Residents purchased the Animas River View mobile home park from its corporate owner earlier this year. Now, they run it as a co-op.
Lucas Brady Woods
/
KSJD
Residents purchased the Animas River View mobile home park from its corporate owner earlier this year. Now, they run it as a co-op.

With rents at mobile home parks rising across the mountain west, some residents are taking matters into their own hands to keep prices down. One park in Durango, Colorado, was purchased by residents earlier this year and is being run as a co-op. Now, other communities in Southwest Colorado are considering emulating the model. For KSJD News and Rocky Mountain Community Radio, Lucas Brady Woods has this report.

Historically, mobile-home or manufactured-home communities have served as an important source of low to middle-income housing across the West. But these days, residents of these communities are often subject to rent increases and buyouts without much protection. And in some cases, that means park residents are being displaced.

Lisa Bloomquist is the executive director of Homes Fund, a nonprofit housing organization that works with some mobile home parks in Southwest Colorado.

“When rents in these communities are going up, you know, 40% a year,” says Bloomquist. “It's just what people are having to pay, or else they're getting foreclosed on and giving up their house entirely.”
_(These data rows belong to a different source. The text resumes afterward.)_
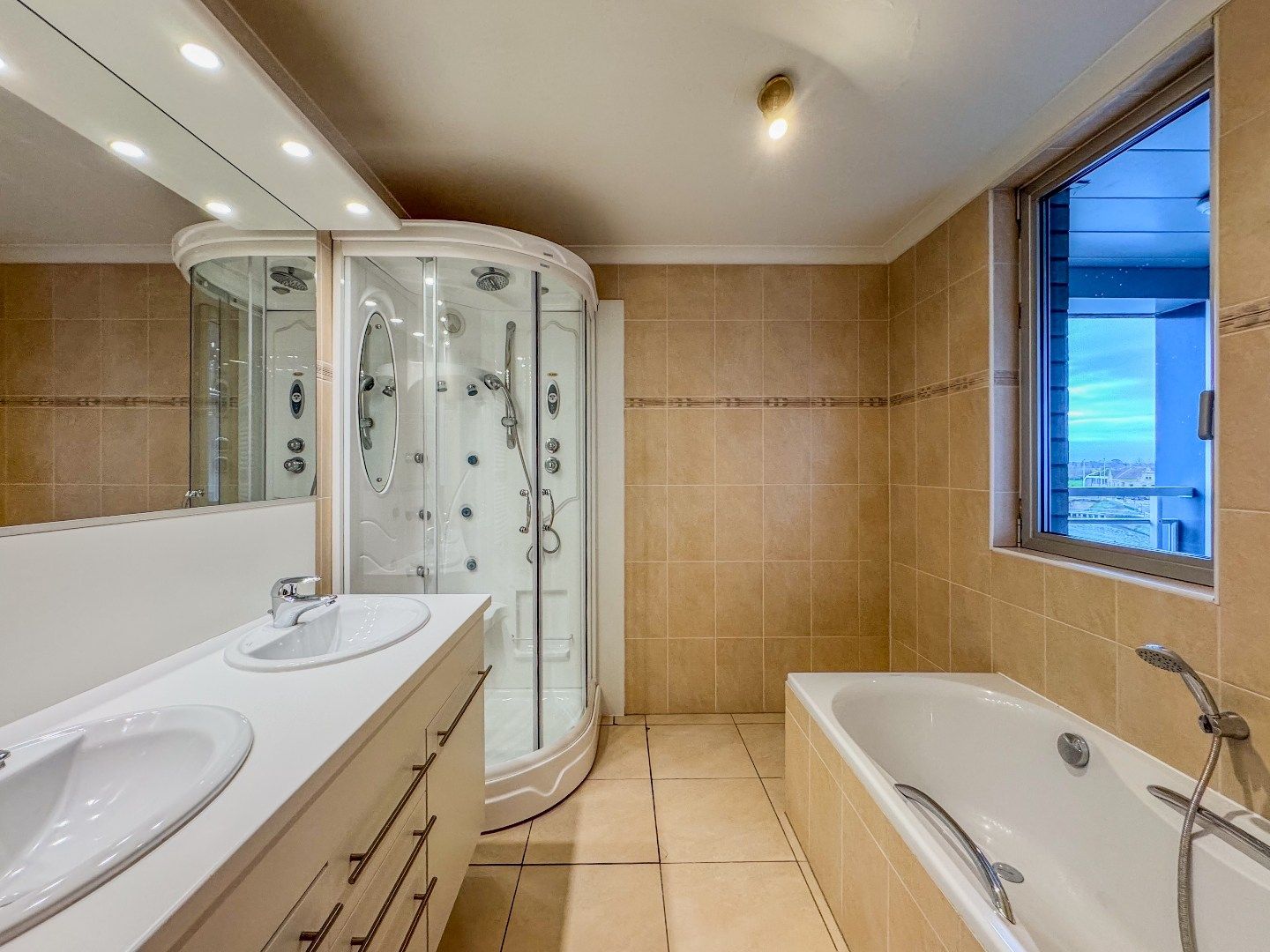 Ruim appartement met 2 slaapkamers en terras met prachtige vergezichten! foto 19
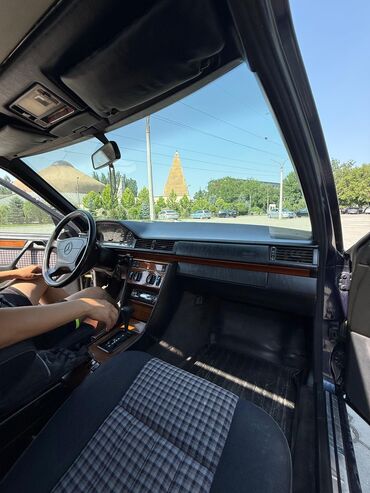 Mercedes-Benz: Mercedes-Benz W124: 1995 г., 2 л, Автомат, Бензин, Седан — 14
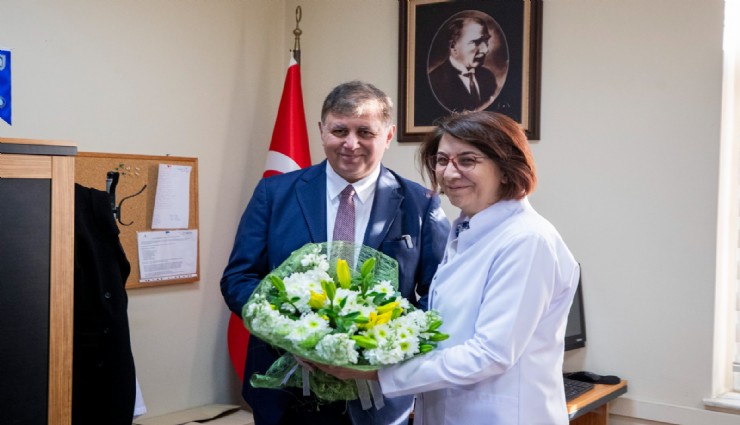 Başkan Tugay’dan Eşrefpaşa Hastanesi incelemesi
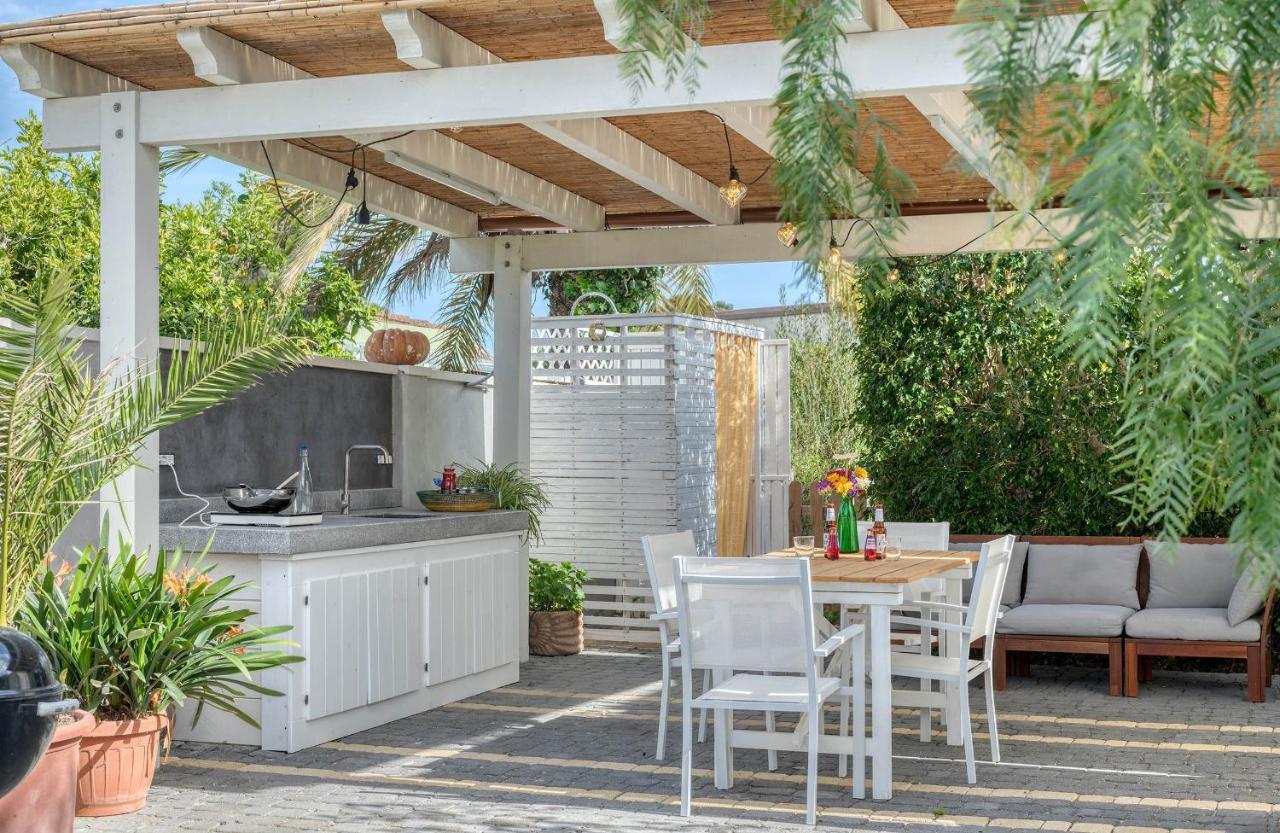 La Casa Degli Ulivi Appartamento In Villa Con Patio Quartu Sant'Elena Luaran gambar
But a number of manufactured home communities have found a way to counteract this trend - by becoming their own landlords. In Colorado, a state law that was passed back in 2019 gives residents at a park first dibs on buying their park if it goes up for sale. That’s exactly how the Animas River View Park in Durango was purchased by its residents.
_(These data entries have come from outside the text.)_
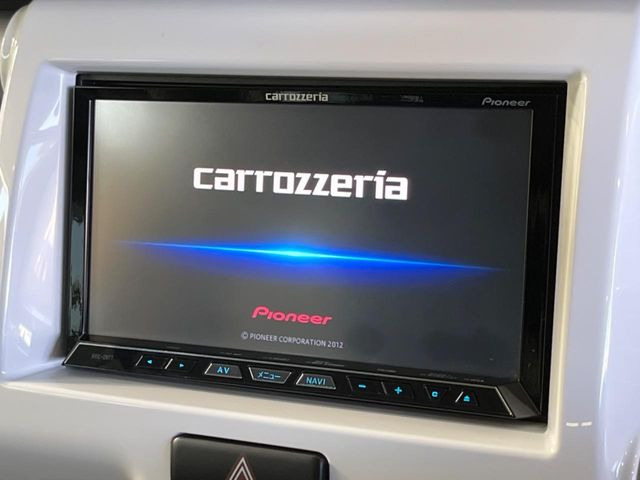 【ナビゲーション】使いやすいナビで目的地までしっかり案内してくれます。各種オーディオ再生機能も充実しており、お車の運転がさらに楽しくなります!!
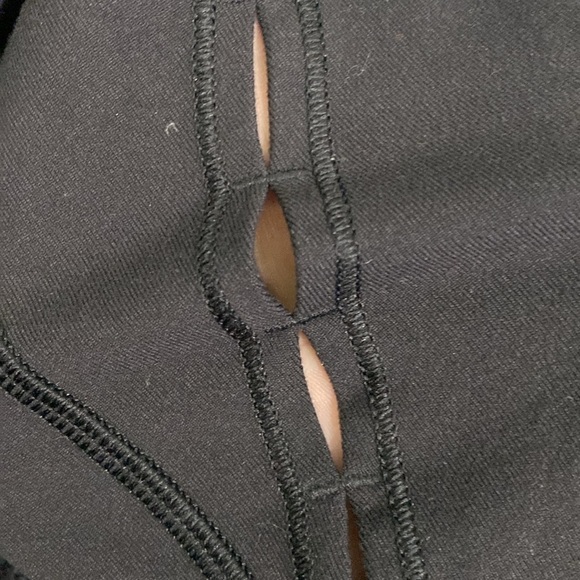 Lululemon Wunder Under High Rise Peak cropped leggings size 4 black yoga running - Picture 8 of 15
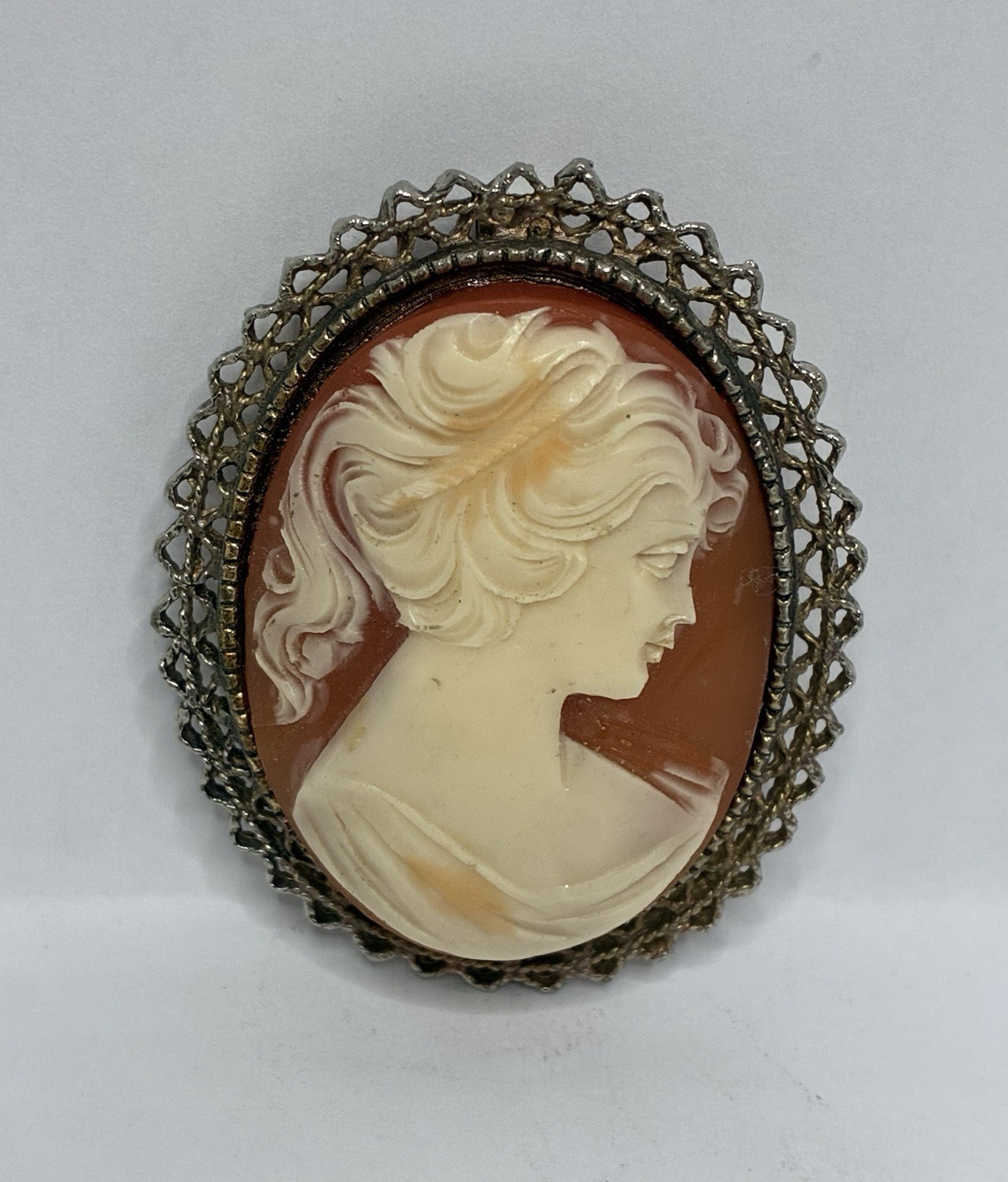 Vintage Goldtone Cameo
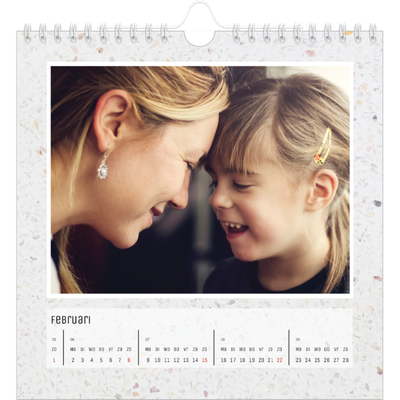 Jaarkalenders vierkant — Gemarmerde achtergrond [Februari]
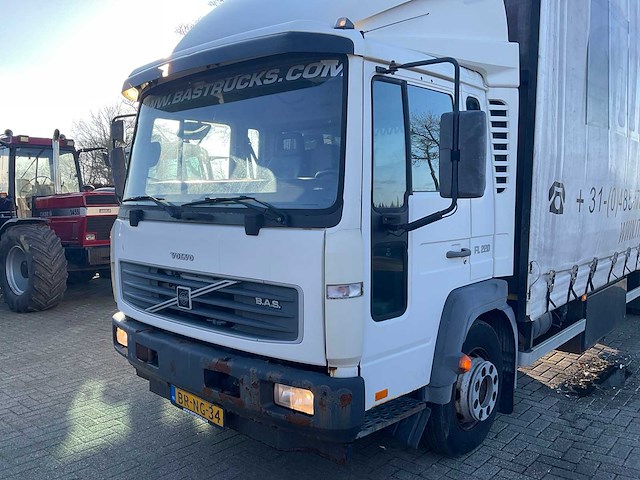 Volvo fl220 b.a.s vrachtwagen - afbeelding 16 van  17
Before the park was purchased by residents, rising rents were likely going to force out residents who had lived there for decades.
Lucas Brady Woods
/
KSJD
Before the park was purchased by residents, rising rents were likely going to force out residents who had lived there for decades.

The 120-unit park sits on the city’s outskirts along the winding Animas River. A sign at the entrance says quote “We Own It” with an exclamation point. John Egan is the president of the park’s board and has lived in the park for about a decade. When the park was purchased by corporate owners back in 2016, rents started to increase at a rate that just wasn’t sustainable for some community members.

“There are many people who have lived here twenty, thirty years who would have ultimately been driven out of the park just because of the continuing rent increases,” says Egan.

That’s one reason why he and other residents worked together to buy the park from the corporate owner earlier this year. Now, the park is a co-op. That means it’s being run by a resident-elected board. And the board has a mandate: keep prices affordable for residents and make sure the purchase of the park doesn’t result in residents having to leave.

The board is also made up of people who actually live in the park, like Egan. That creates both buy-in from the community and accountability for how the park is run.

Animas View is run by a board made up of residents, including the board president, John Egan (right). Here he’s standing with secretary Karen Pontius (middle), operations manager Dan Hunt (left), and Lucy (the dog).
Lucas Brady Woods
/
KSJD
Animas View is run by a board made up of residents, including the board president, John Egan (right). Here he’s standing with secretary Karen Pontius (middle), operations manager Dan Hunt (left), and Lucy (the dog).

“The community aspect of this is essential,” he says. “Our residents are really taking pride in the property. It's getting cleaned up. People know each other now. People have a certain kind of respect for the property and are proud of it.”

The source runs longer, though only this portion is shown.